Linguistic Flexibility
The distinction between "agglutinative" and "fusional" / "inflectional" languages is often a spectrum rather than a binary choice. Pāṇini's morpheme extraction system can be implemented for any language where your analysis requires tokenizing internal word structures—even as a borderline case for languages like Armenian.
🏗 Agglutination Model
The Pāṇini model maps surface allomorphs to archiphonemic "base forms" (e.g., -lar and -ler to lAr) using a static inventory.
graph TD
Word["Surface Word: 'kediler'"] --> Split[Segmentation]
Split --> Root["Root: 'kedi'"]
Split --> Suffix["Suffix: 'ler'"]
subgraph Inventory ["Morpheme Inventory"]
M1["base_form: 'lAr'"] --> F1["Function: Plural"]
M1 --> A1["Applies to: Noun, Verb"]
M2["base_form: 'DA'"] --> F2["Function: Locative"]
end
Suffix -- "Map allomorph" --> M1
Root -- "Lemmatize" --> Lemma["Lemma: 'kedi'"]
M1 --> Result[GrammaticalFunction]
Lemma --> Result
Sample Segmentation Output (Turkish):
{
"word": "kediler",
"lemma": "kedi",
"morphemes": [
{
"base_form": "lAr",
"function": { "agreement": { "person": "third", "number": "plural" } }
}
]
}
🛠 Implementation
1. GrammaticalFunction Enum
Unlike fusion languages, agglutinative languages define a GrammaticalFunction enum that describes the role of each morpheme.
#[derive(
Debug,
Clone,
PartialEq,
Serialize,
Deserialize,
schemars::JsonSchema,
panini_macro::AggregableFields,
panini_macro::GrammaticalFunctionCatalog,
)]
#[serde(tag = "category", rename_all = "snake_case")]
pub enum TurkishGrammaticalFunction {
Case { value: TurkishCase },
Tense { value: TurkishTense },
Polarity { value: TurkishPolarity },
Agreement { person: Person, number: BinaryNumber },
Possessive { person: Person, number: BinaryNumber },
Derivation { value: TurkishDerivation },
}
#[derive(GrammaticalFunctionCatalog)] generates curated-pivot handles for each function category:
TurkishGrammaticalFunction::PIVOT_CASE;
TurkishGrammaticalFunction::PIVOT_TENSE;
TurkishGrammaticalFunction::PIVOT_POLARITY;
For single-field variants, the pivot is closed when the field type implements ClosedValues and open when it is a String. For multi-field variants such as Agreement { person, number }, the generated pivot key represents that function category and extracts a combined value only from matching Agreement morphemes.
2. Morpheme Inventory
Define a static list of MorphemeDefinition. These morphemes map archiphonemes to grammatical functions.

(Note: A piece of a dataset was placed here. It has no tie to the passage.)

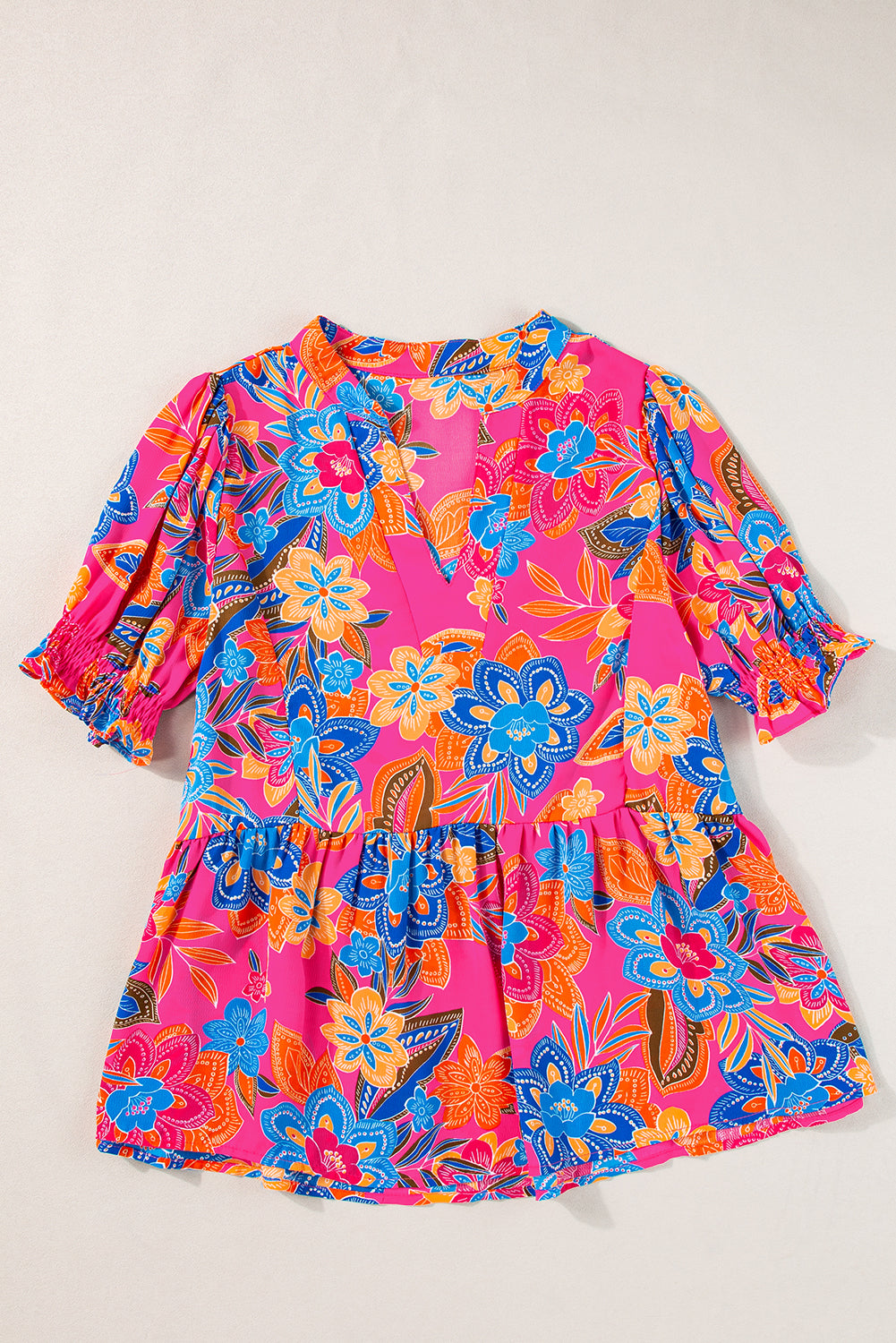 Blouse à col en V et manches bouffantes *-A WOMAN WE LOVE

type P = TurkishMorphologyPosTag; // Generated by MorphologyInfo
type F = TurkishGrammaticalFunction;
static TURKISH_MORPHEMES: &[MorphemeDefinition<F, P>] = &[
// Plural suffix: "lAr" is the archiphoneme (handles -lar and -ler)
MorphemeDefinition {
base_form: "lAr",
functions: &[F::Agreement { person: Person::Third, number: BinaryNumber::Plural }],
applies_to: &[P::Noun, P::Verb, P::ProperNoun]
},
// Case suffix: "(y)A" (handles -a and -e with linking consonant)
MorphemeDefinition {
base_form: "(y)A",
functions: &[F::Case { value: TurkishCase::Dative }],
applies_to: &[P::Noun, P::Pronoun]
},
];
🤖 Interaction with the LLM
To help the AI know which morphemes to extract, Pāṇini dynamically injects your inventory into the prompt via extra_extraction_directives().
Dynamic Directives
By using extra_extraction_directives(), you ensure that the LLM only uses base_forms that your code can technically recognize.

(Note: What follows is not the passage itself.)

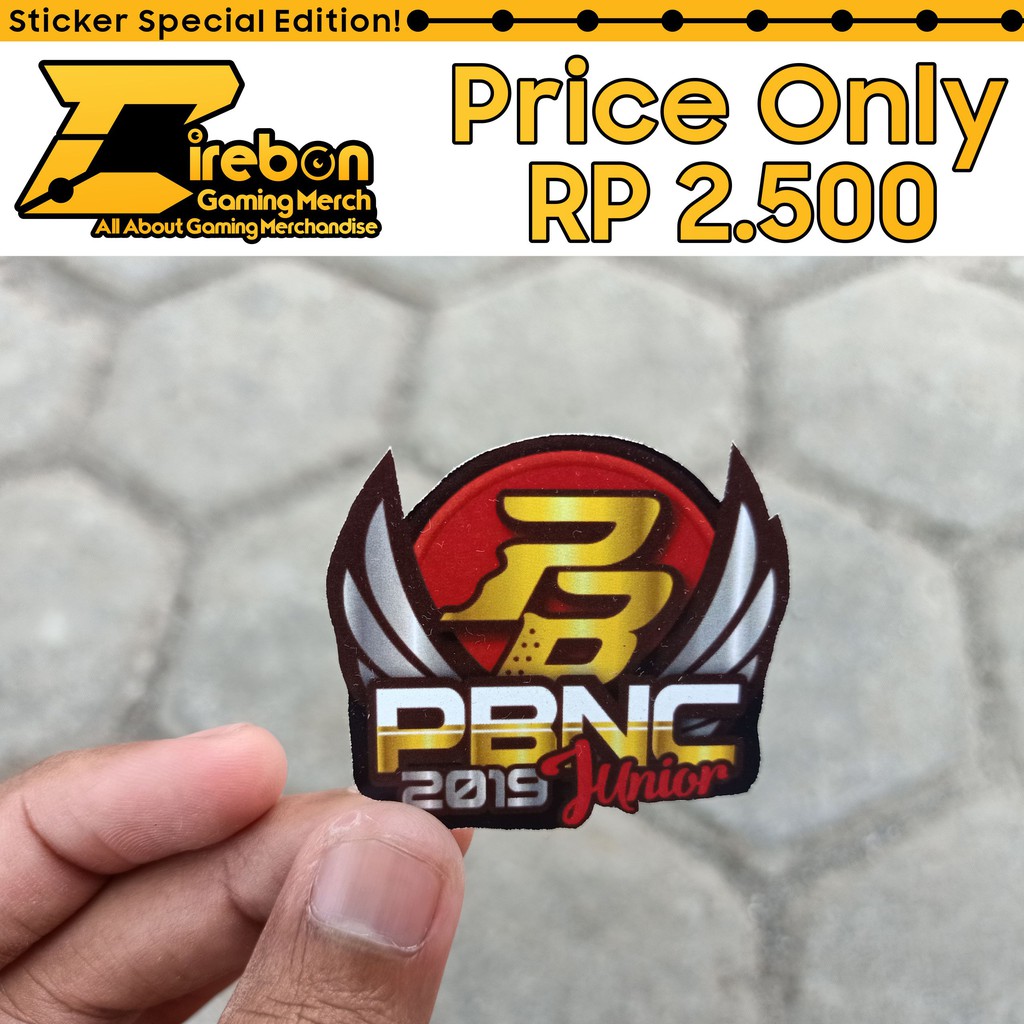 

Sticker Stiker PBNC 2019 Junior Point Blank National Championship Junior 2019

🪄 Post-processing and Enrichment
Sometimes the LLM response needs additional verification or static label injection. Use post_process_extraction to modify the result after parsing.
impl LinguisticDefinition for Turkish {
// ...
const MORPHEME_PIVOTS: &'static [PivotField<Self::GrammaticalFunction>] = &[
TurkishGrammaticalFunction::PIVOT_POLARITY,
TurkishGrammaticalFunction::PIVOT_TENSE,
TurkishGrammaticalFunction::PIVOT_CASE,
];
fn post_process_extraction(
&self,
segmentation: &mut Option<Vec<WordSegmentation<Self::GrammaticalFunction>>>,
) -> Result<(), String> {
if let Some(segs) = segmentation {
for seg in segs {
// Example: Automatically enrich morphemes
for morph in &mut seg.morphemes {
if morph.base_form == "CI" {
// Agentive suffix "-cı/-ci/-cu/-cü"
// Custom enrichment logic here...
}
}
}
}
Ok(())
}
}
Morpheme pivots are opt-in. Non-agglutinative languages normally keep type GrammaticalFunction = () and do not declare MORPHEME_PIVOTS.